In the 20th century, Mumbai was often described as Urbs Prima in Indis, Latin for India’s First City. It was an emblem of Indian urbanity, portrayed as such in novels and Bollywood movies. Over the past few decades, however, a rapidly rising Delhi has severely dented Mumbai’s primacy. Now the Capital has run away with the coastal city’s title.
The swap has been confirmed by a report from Brookings Institution, a think tank headquartered in the United States. The Global Metro Monitor report, released in June, ranks Delhi sixth on its Economic Performance Index out of the world’s 300 largest metro areas. Mumbai ranks 23rd overall – and fourth among Indian cities.
Delhi is India’s largest engine for job creation
From 2014 to 2016, Delhi generated the most jobs of any Indian city. It created 6.2 lakh jobs, nearly a third more than Mumbai’s 4.7 lakh. Hyderabad created 3.4 lakh jobs in this period while Kolkata came fourth with 3.2 lakh.
In terms of growth rate, Mumbai falls further behind as a generator of employment. The city’s jobs grew by 2.9% between 2014 and 2016. Delhi clocked up a growth rate of 4.7%.
Thus, in both the absolute numbers of jobs created and the rate of growth, Delhi beats Mumbai handsomely.
Mumbai, though, edges out Delhi when it comes to the per capita growth in the gross domestic product – but only just. The three megacities of Mumbai, Delhi and Kolkata are neck and neck when it comes to per capita GDP growth, with Hyderabad leading the pack.
The Capital’s sudden rise
Delhi’s rise as Urbs Prima in Indis has been stunning. Though it was the capital of the Mughal Empire, the city witnessed a long twilight during the British Raj. As a trading empire, the British concentrated their power largely in the port cities of what are now Kolkata, Mumbai and Chennai. Delhi, situated in the North Indian plains far from the sea, was reduced to a midsize town.
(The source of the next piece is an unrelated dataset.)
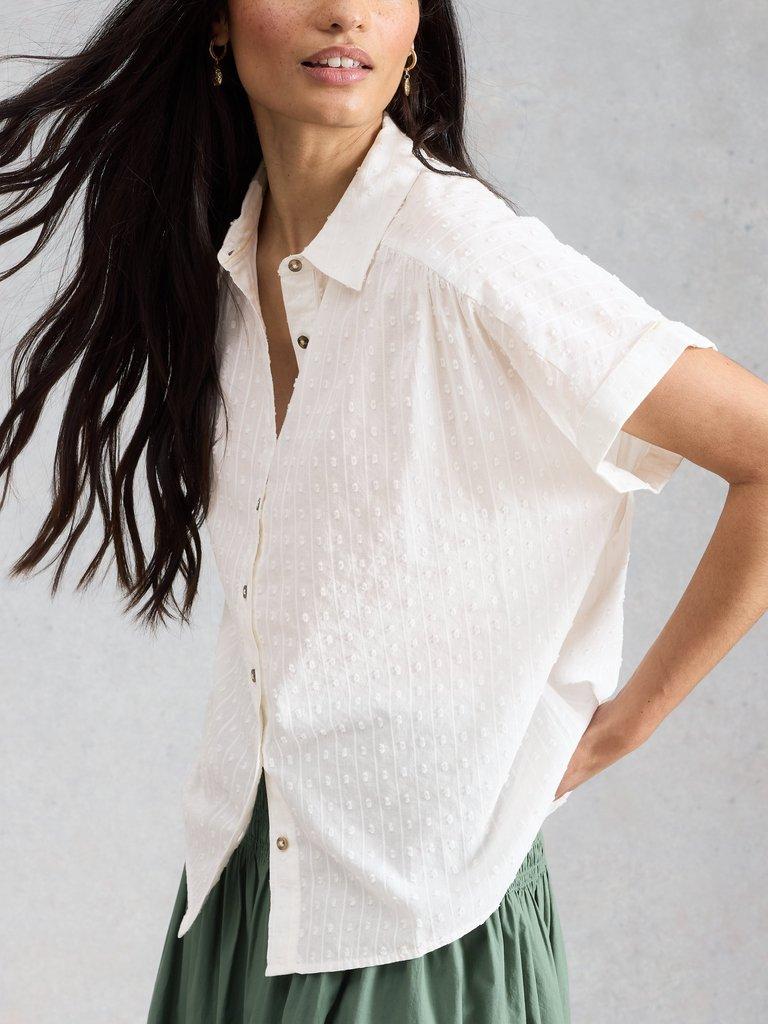 Orla Button Through Shirt in BRIL WHITE - MODEL DETAIL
In 1828, when the poet Ghalib visited Kolkata from Delhi, he was struck by its grandeur. “The very mention of Kolkata is like an arrow piercing my breast,” he wrote in envy. In 1901, Delhi was only India’s seventh largest city, smaller than even Varanasi.
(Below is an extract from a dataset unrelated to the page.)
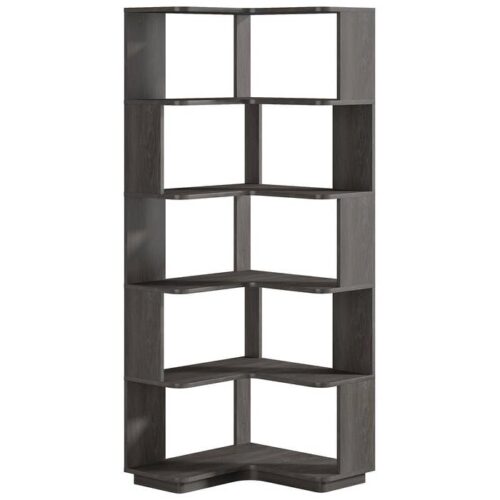 Multifunctional 6 Shelf Corner L-Shaped Bookcase in Dark Grey Wood Finish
The situation changed after independence. Independent India lavished its resources on building infrastructure in the Capital. At the same time, businesses were attracted to the city since being near the government helped get faster clearances. Both these factors contributed to Delhi’s rapid growth. In 1951, Delhi was half of Mumbai and a third of Kolkata by population. By 2011, it was India’s second largest city, only 20 lakh shy of Mumbai’s population. In fact, if the suburbs of Gurgaon, Noida and Ghaziabad are taken into account, the National Capital Region will count as India’s largest urban agglomeration, ahead of the Mumbai Metropolitan Region.